Os móveis da sala estão sem uso, porque no chão me busco como se em cada quadrado da cerâmica eu pudesse encontrar retalhos de mim, enquanto me reconstruo do que fiz equivocado, ou mesmo errado, talvez certo por presunção.
A viagem do pensamento aporta vários tons do meu arco-íris em desapego, sentindo no ato de viajar entre egos e superegos o destino dos inconformados com o sossego. Imagino que isto só se alcance com a morte, mas ao mesmo tempo não concebo essa "passagem" como sustentação das nossas esperanças de quietude.
Da janela deste apartamento se descortinam imagens que seguem os passantes como que querendo saber deles seus destinos e desatinos.
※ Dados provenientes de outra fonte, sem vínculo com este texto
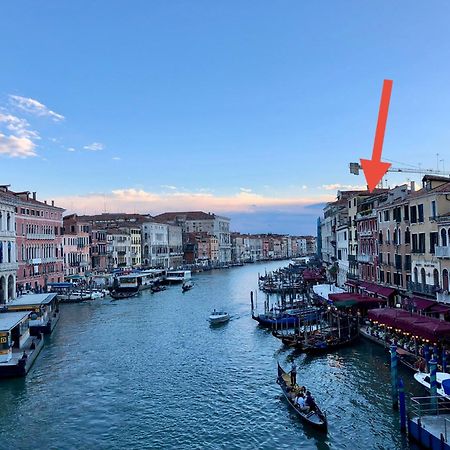 Rialto Terrace On The Grand Canal Benátky Exteriér fotografie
Como que querendo chancelar os meus altos e baixos pela realidade deles no frêmito lufa-lufa da vida por ela própria.
Penso, por momentos, no trajeto que a gente faz pra não fazer da vida um "trem" descarrilado da realidade concreta que nos colocaram como absoluta desde criança. A idéia é a de que não podemos deixar de nos refazer sempre se quisermos continuar o mesmo. Como diriam outros, de nos repaginar em cada dia. E nesse desencadear de versões atualizadas de nós, construirmos o melhor de todos os poemas de amor: uma ode a vida por ela mesma e sem sofismas. Talvez o poema que jamais alguém possa ler, posto que fosse vivida sem a preocupação de materializar no papel. Destitui-se, deste modo, nossos dizeres construídos e bem arrematados de dor, tristeza, alegria, esperança, saudade, solidão e tudo o mais que geralmente se faz na poesia e nas artes.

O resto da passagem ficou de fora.